Copy out the listing that follows exactly, dropping every picture.

━━━━━ INFORMATION SUPPLIED ━━━━━

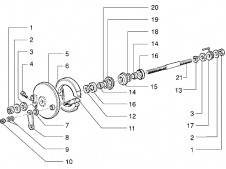 Zapatas de freno delantero Piaggio Free 50 1998 - 2005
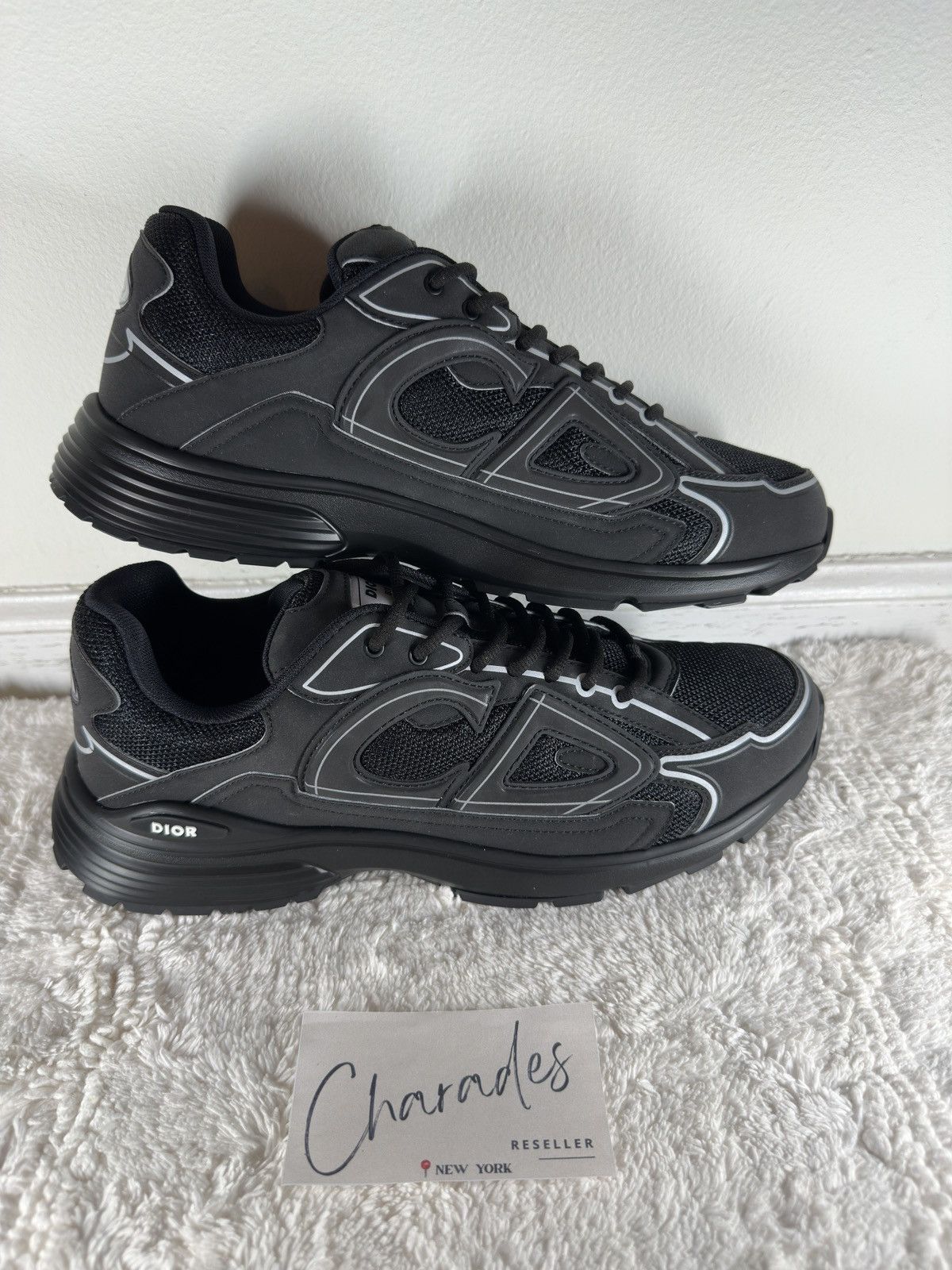 Dior Dior B30 Triple Black Size US 12 / EU 45 - 1 Thumbnail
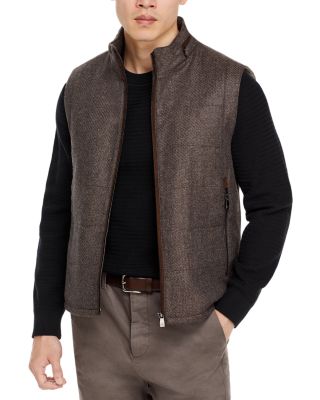 Corneliani Regular Fit Wool Cashmere Twill Vest Bloomingdale s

━━━━━

● **RESPONSE**
 Zapatas de freno delantero Piaggio Free 50 1998 - 2005
 Dior Dior B30 Triple Black Size US 12 / EU 45 - 1 Thumbnail
 Corneliani Regular Fit Wool Cashmere Twill Vest Bloomingdale s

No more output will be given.